To niemożliwe obiektywnie pisać o spektaklu, przy którym się pracuje. Nawet, jeśli po premierze zbiera złe recenzje, my, zespół obsługi sceny, chcemy go bronić. Zżywamy się z nim, rozumiemy go, słuchaliśmy reżysera na próbach, patrzyliśmy na kreacje aktorów, stworzyliśmy własne interpretacje. Siedzieliśmy albo staliśmy godzinami w czeluściach sceny, skryci za kotarą, dekoracją, w ciemności, obok rozgrzanego reflektora lub szemrzącego głośnika, w wąskim przejściu między wiązkami kabli a sznurownią. Ciągnęliśmy niezbędną linę, popychaliśmy najważniejszy element scenografii. Popychaliśmy w ściśle określonym momencie, na słowo, dźwięk, krok, z ekspresją, w zgodzie z taktem scenicznym, rytmem słów, melodią dźwięków, zmianą świateł. Dlatego złości nas, kiedy ktoś, kto przyszedł tylko na jeden spektakl, podważa potem sens naszej pracy.
Kiedy spektakl okazuje się sukcesem, nie obrastamy w piórka. Wiadomo – dokładamy tylko małą część, po prostu robimy fizycznie to, co nam każą twórcze głowy pogrążone w chmurach. Tu, teraz – dzieje się, a my tkwimy w samym środku.
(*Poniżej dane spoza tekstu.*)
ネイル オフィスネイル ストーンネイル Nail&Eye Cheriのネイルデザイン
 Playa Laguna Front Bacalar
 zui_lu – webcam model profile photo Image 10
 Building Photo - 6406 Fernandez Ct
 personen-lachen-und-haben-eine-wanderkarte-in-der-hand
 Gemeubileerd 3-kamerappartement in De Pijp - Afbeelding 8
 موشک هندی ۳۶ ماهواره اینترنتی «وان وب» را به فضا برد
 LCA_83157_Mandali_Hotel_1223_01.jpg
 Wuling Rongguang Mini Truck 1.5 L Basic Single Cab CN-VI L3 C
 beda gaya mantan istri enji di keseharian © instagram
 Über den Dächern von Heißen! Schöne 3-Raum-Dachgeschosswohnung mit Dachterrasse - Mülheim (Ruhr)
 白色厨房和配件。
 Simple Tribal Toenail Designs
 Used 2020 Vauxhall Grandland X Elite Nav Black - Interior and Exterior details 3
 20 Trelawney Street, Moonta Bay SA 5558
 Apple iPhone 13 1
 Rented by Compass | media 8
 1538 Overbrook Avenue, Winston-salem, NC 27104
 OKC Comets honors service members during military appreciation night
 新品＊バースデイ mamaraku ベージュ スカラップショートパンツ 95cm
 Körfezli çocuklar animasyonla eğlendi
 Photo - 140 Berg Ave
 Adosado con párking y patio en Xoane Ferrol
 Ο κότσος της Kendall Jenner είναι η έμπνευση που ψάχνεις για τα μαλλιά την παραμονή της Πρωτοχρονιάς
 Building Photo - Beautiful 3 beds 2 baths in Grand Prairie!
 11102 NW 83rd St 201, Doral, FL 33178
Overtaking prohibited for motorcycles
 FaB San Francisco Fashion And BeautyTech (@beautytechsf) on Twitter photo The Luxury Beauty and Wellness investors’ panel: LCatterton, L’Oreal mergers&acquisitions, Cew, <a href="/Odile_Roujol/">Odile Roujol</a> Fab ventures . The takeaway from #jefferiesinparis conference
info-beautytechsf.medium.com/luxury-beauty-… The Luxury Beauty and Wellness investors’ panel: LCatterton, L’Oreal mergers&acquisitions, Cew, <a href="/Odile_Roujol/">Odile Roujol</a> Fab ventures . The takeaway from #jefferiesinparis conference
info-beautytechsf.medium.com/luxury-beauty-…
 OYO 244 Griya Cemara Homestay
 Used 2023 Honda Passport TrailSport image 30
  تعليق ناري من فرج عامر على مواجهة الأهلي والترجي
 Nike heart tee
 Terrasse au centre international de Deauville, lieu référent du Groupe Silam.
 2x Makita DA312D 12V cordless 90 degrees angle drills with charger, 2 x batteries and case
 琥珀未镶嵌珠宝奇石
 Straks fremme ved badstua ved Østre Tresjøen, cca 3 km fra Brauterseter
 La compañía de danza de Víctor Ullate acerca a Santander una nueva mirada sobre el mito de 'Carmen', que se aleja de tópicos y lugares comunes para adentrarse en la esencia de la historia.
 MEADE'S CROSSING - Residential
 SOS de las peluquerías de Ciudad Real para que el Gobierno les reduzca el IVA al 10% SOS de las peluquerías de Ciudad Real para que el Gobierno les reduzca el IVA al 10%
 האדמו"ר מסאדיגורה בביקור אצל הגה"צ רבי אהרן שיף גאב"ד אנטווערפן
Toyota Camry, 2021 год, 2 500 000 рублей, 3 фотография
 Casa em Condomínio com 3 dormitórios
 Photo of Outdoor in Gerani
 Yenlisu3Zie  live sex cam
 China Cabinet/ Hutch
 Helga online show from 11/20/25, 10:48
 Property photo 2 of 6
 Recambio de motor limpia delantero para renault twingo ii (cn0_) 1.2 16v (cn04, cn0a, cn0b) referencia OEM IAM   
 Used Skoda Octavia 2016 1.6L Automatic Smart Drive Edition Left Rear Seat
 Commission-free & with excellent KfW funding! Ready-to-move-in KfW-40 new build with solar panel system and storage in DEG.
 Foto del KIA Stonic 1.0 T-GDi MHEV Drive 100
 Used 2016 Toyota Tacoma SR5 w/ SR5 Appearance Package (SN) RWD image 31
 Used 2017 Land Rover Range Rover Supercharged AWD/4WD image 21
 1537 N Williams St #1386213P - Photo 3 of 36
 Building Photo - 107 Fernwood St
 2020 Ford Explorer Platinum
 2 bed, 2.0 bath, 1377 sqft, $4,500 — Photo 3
„Ostatnie 300 metrów” jest sukcesem, to nie ulega wątpliwości, niech nikt nie próbuje twierdzić inaczej. Pracuję przy tym spektaklu i wiem. W dodatku jest tutaj coś, czego nie ma przy żadnym innym spektaklu. Zasiadam na moim stanowisku i patrzę na stół mikserski. Inne spektakle nie wymagają aż czterech odtwarzaczy. Oto mam pod palcami dwa przeciwstawne dźwięki. Jeden pozytywny, optymistyczny, dodatni. Drugi pochmurny, złowieszczy, złowrogi. Mieszam te dwa nastroje podążając za akcją na scenie, za jej klimatem. Trzeci odtwarzacz uruchamiam na różne wydarzeniom z życia bohaterki, pojawia się wtedy nowa wartość. Czwarty kanał transmituje dźwięk z projekcji.
Po lewej stronie mam kanały mikrofonów bezprzewodowych. Aktorka jest jedna, a mikrofonów są dwa. To dlatego, że mikrofon może się zepsuć. Ale nie może się zepsuć w tym spektaklu. Taka sytuacja – bez mikrofonu nie ma przedstawienia. Specyficzny kostium, ruchy, zmagania na scenie mogą uszkodzić mikrofon. Lidia Olszak jest na scenie samotna, nie może zejść choćby na sekundę, by cokolwiek poprawić. Gdyby przerwała, czar natychmiast pryśnie i będzie to koniec przedstawienia: „przepraszamy, mikrofon się zepsuł, idźcie państwo do domu, dobranoc”. To byłoby bardzo nieteatralne, więc zapinamy Lidii dwa mikrofony.
Jednak wyjątkowość tego spektaklu nie wynika z liczby kanałów na mikserze. Ważniejsze jest to, że odkąd Lidia wychodzi na scenę, trudno zaprzeczyć, że nie jest Wandą Rutkiewicz. Przechodzimy razem z nią przez przygody, wspomnienia, dramaty i radości z jej życia i jesteśmy przekonani, że to rzeczywiście Wanda. Ktoś powie – to normalne, przecież na tym polega praca aktora. To prawda, ale w różnych spektaklach udaje się z różnym skutkiem. Tutaj udaje się znakomicie, nikt nie zaprzeczy. Wszystko jedno, czy Wanda zdobywa kolejny himalajski szczyt, czy trafia na plażę nudystów, nie ma wątpliwości – jest przed nami Wanda.
Chodzi mi jednak o coś jeszcze innego, co jest dla mnie niepowtarzalne i osobiste. O ukryte, ciche marzenie, którego nawet się boję. Dawno powstała we mnie myśl, i zacząłem się zastanawiać, jak można by ją zrealizować: jeśli umierać, to właśnie w górach.
Nie zamierzam mojego zejścia przyspieszać, ale gdybym mógł mieć wybór – łóżko szpitalne czy dom spokojnej starości, wybieram góry. Przyznajcie, każdy może mieć takie myśli. Ja akurat pracuję w zespole obsługi sceny i w tym przedstawieniu trafiłem na mój temat. Gdy uruchamiam fragment muzyczny pt. Umieranie (w scenariuszu na stronie 19), mój plan posuwa się o mały kroczek naprzód. Nie wiem, ile zostało mi jeszcze metrów, to trochę komplikuje sprawę, ale mam nadzieję, że ciągle więcej niż trzysta.